▸ **THE TASK**
The full set of entries needs to be reproduced exactly.
******
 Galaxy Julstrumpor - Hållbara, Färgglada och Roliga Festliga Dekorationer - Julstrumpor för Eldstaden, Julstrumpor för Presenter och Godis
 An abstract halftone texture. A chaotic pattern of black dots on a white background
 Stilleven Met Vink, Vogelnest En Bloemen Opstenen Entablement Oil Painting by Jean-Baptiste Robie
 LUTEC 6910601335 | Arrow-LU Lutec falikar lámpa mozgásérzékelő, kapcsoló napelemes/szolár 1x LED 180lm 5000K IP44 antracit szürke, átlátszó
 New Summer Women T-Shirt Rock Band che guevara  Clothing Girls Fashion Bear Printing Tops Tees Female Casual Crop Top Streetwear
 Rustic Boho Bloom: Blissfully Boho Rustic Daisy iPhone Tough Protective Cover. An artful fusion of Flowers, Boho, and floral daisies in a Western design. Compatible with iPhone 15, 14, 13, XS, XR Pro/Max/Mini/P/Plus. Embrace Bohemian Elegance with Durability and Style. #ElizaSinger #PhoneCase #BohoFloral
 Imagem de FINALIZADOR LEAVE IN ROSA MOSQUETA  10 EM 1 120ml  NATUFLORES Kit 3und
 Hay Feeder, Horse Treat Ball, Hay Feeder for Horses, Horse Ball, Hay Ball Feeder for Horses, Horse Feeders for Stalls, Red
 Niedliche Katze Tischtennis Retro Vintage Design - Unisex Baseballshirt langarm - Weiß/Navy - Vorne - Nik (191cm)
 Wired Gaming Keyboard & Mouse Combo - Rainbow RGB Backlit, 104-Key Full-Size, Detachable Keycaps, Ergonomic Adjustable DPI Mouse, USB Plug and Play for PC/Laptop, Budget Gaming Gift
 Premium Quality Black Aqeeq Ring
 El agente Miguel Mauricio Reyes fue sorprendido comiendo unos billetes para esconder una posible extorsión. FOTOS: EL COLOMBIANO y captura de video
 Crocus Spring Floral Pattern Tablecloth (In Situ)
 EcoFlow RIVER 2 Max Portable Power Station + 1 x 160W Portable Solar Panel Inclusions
******
▸ **SOLUTION**
 Galaxy Julstrumpor - Hållbara, Färgglada och Roliga Festliga Dekorationer - Julstrumpor för Eldstaden, Julstrumpor för Presenter och Godis
 An abstract halftone texture. A chaotic pattern of black dots on a white background
 Stilleven Met Vink, Vogelnest En Bloemen Opstenen Entablement Oil Painting by Jean-Baptiste Robie
 LUTEC 6910601335 | Arrow-LU Lutec falikar lámpa mozgásérzékelő, kapcsoló napelemes/szolár 1x LED 180lm 5000K IP44 antracit szürke, átlátszó
 New Summer Women T-Shirt Rock Band che guevara  Clothing Girls Fashion Bear Printing Tops Tees Female Casual Crop Top Streetwear
 Rustic Boho Bloom: Blissfully Boho Rustic Daisy iPhone Tough Protective Cover. An artful fusion of Flowers, Boho, and floral daisies in a Western design. Compatible with iPhone 15, 14, 13, XS, XR Pro/Max/Mini/P/Plus. Embrace Bohemian Elegance with Durability and Style. #ElizaSinger #PhoneCase #BohoFloral
 Imagem de FINALIZADOR LEAVE IN ROSA MOSQUETA  10 EM 1 120ml  NATUFLORES Kit 3und
 Hay Feeder, Horse Treat Ball, Hay Feeder for Horses, Horse Ball, Hay Ball Feeder for Horses, Horse Feeders for Stalls, Red
 Niedliche Katze Tischtennis Retro Vintage Design - Unisex Baseballshirt langarm - Weiß/Navy - Vorne - Nik (191cm)
 Wired Gaming Keyboard & Mouse Combo - Rainbow RGB Backlit, 104-Key Full-Size, Detachable Keycaps, Ergonomic Adjustable DPI Mouse, USB Plug and Play for PC/Laptop, Budget Gaming Gift
 Premium Quality Black Aqeeq Ring
 El agente Miguel Mauricio Reyes fue sorprendido comiendo unos billetes para esconder una posible extorsión. FOTOS: EL COLOMBIANO y captura de video
 Crocus Spring Floral Pattern Tablecloth (In Situ)
 EcoFlow RIVER 2 Max Portable Power Station + 1 x 160W Portable Solar Panel Inclusions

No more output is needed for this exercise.